Majority of Florida Voters Support Cannabis Legalization, Not Enough To Pass Measure

The most recent poll of Florida voters shows that recreational cannabis legalization still has majority support, but it may not be enough to exceed the 60% threshold needed to pass the reform measure.

By
Keegan Williams

The campaign to legalize cannabis in Florida is alive and well, as the state’s Supreme Court ruled earlier this month that voters will be able to decide the next chapter of cannabis reform on this year’s November ballot.
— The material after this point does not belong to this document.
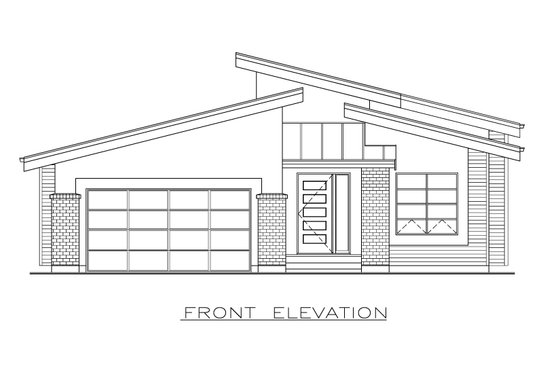 Exterior - Other Elevation 2 for Contemporary House Plan #1100-41 - 2 bed, 2 bath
With an already bustling medical market, Florida’s potential move into the recreational cannabis space has been highly anticipated since the Sunshine State first moved to introduce medical reform in 2016. Cannabis businesses also have a hefty investment in the reform measure, with Trulieve contributing more than $40 million to the campaign, alongside an additional several million dollars from a handful of other medical cannabis treatment centers.

While the momentum ahead of Election Day feels significant, it’s possible that there may not be enough support to pass the measure under the state Constitution — at least when it comes to the results of a new poll.

The Latest Poll on Florida Adult-Use Cannabis Legalization

In Florida, measures must gain 60% support in order to pass. A new USA Today/Ipsos survey suggests that a majority of registered Florida voters, 56%, support the measure — along with 49% of Florida adults overall. Forty percent said that they would vote against it, and just 4% said that they were unsure.

Democrats and independents were most supportive of the measure (69% and 63%, respectively), while 39% of registered Republican voters  said they would vote in favor of the measure. The survey also found that support varied by region, with those in central Florida more likely to say they are in favor of recreational cannabis legalization than those in north or south Florida (54%, 49% and 38%, respectively).

While there are no differences in self-reported plans to vote for recreational cannabis legalization by gender or age, white Floridians were more likely than Hispanic Floridians to say they would vote in favor of recreational cannabis legalization later this year (55% vs. 32%, respectively).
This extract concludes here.